Un autre billet de 2013 suggère que le format gif a connu une sérieuse éclipse (« Opinions on animated GIFs range from pure hatred to unabashed overuse« ). Son revival récent correspondrait donc à une évolution de la réception, alimentée par une série d’œuvres plus convaincantes. Comme toujours, la vision exclusivement technicienne des généalogistes s’avère trop étroite.
(À la demande de Mr. Gunthert, je remets ici ma réponse à cet article sur Facebook)
Merci pour l’article!
Vos analyses me font toujours paraître beaucoup plus intelligent que je ne le suis, ça me plait bien!
Concernant la genèse des BD animées et le mariage BD/anim, je suis assez d’accord avec votre point de vue, c’est pour ça que j’ai utilisé uniquement des cycles de lumière. J’y ai pas mal réfléchi à ce problème après le festiblog où le dessinateur Balak l’avait abordé, en faisant justement cette distinction concernant le Turbomédia, insistant sur le fait que ça ne devait pas tomber dans de l’anim ou du jeu vidéo mais vraiment tenir compte des codes de lectures de la BD.
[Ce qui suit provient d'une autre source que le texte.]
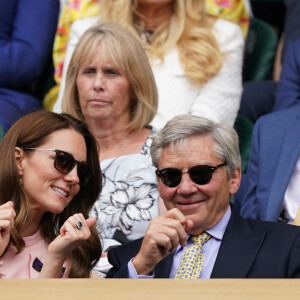 Catherine (Kate) Middleton, duchesse de Cambridge assiste, au côté de son père Michael, à la finale du tournoi de Wimbledon (Djokovic - Berrettini) au All England Lawn Tennis and Croquet Club à Londres, le 11 juillet 2021.
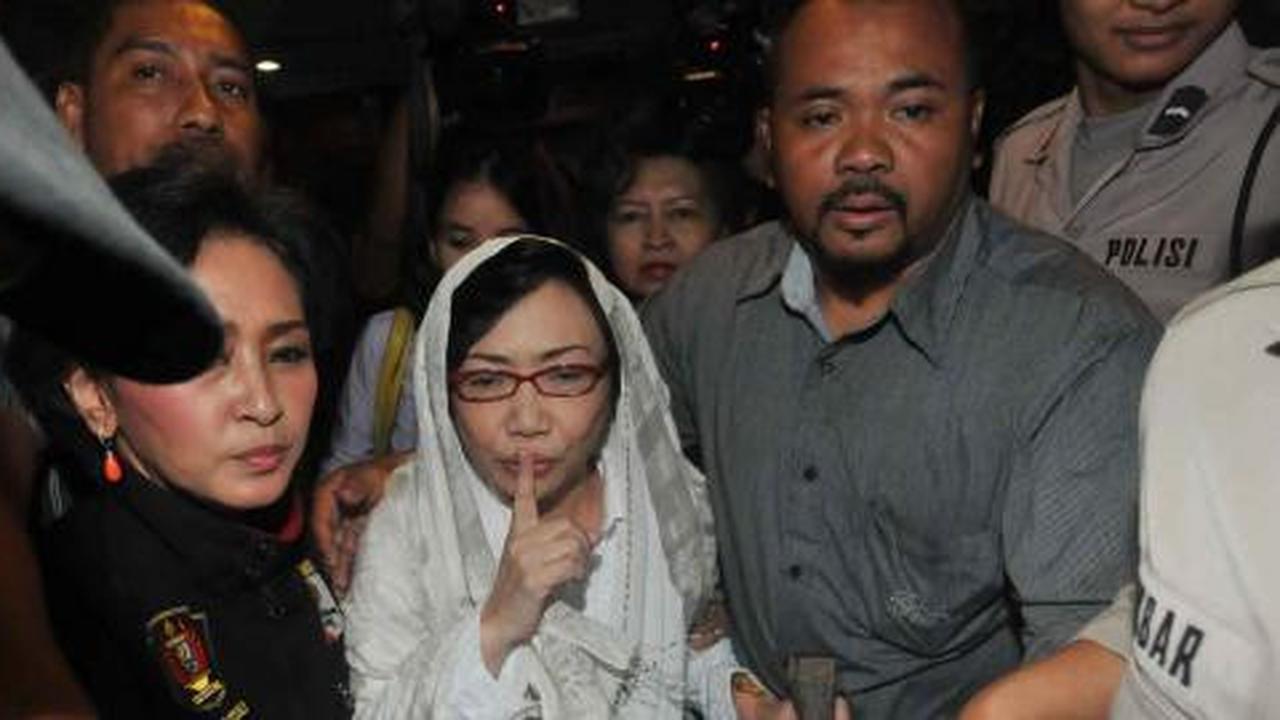 KPK harus ungkap aktor utama cek pelawat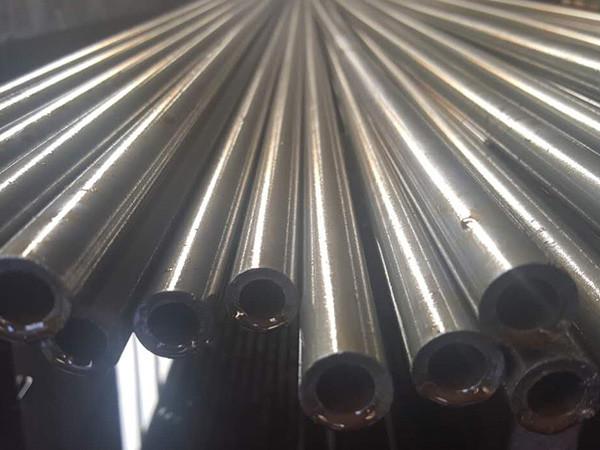 Alloy Precision Seamless Steel Pipe Carbon Steel Mateiral For Heat Exchanger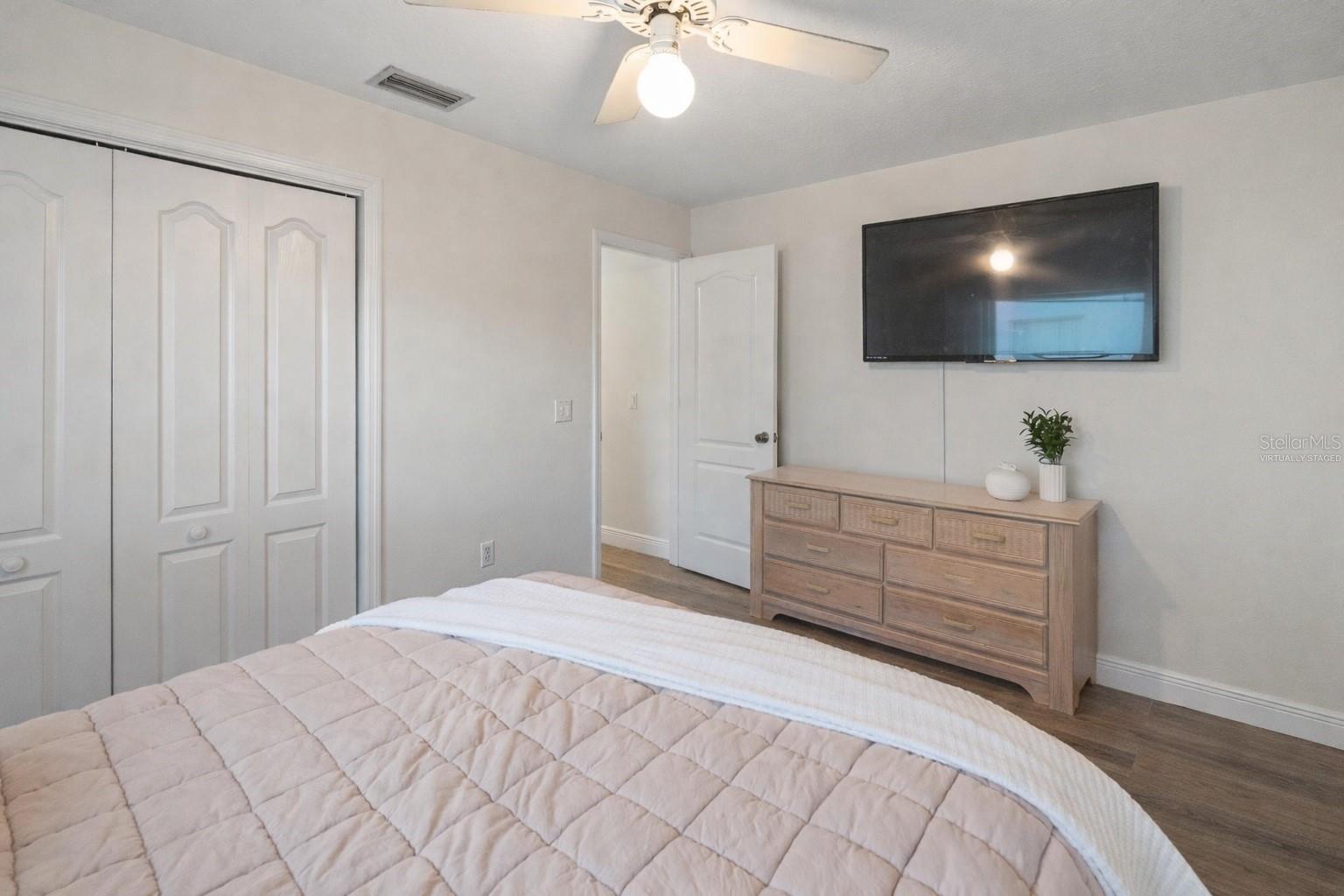 CYPRESS LAKES - Residential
Après sur qui a été le premier, etc… On trouve toujours un exemple antérieur à soi. Quand on parle des « inventeurs » de la BD il y a toujours quelqu’un pour citer la colonne Trajane. Ou les peintures pariétales!
J’avais abordé les gifs animés aux alentours de 2007 dans chicou-chicou, d’autres l’avaient fait avant moi! Personnellement j’avais été inspiré par « Orneryboy« , le webcomic de Michael Lalonde, qui parfois utilisait de courtes anims pour ajouter des détails cachés ou rendre vivant des éléments comme le feu, la fumée… En en faisant de courtes boucles animées.
Et pour y aller de mon grincement de dents, quand les nouvelles revues en ligne comme Professeur Cyclope ou La Revue Dessinée sont sorties, j’ai vu des articles titrer « Les auteurs de BD se mettent ENFIN au numérique ». Plus de 10 ans après les premiers blogs BD!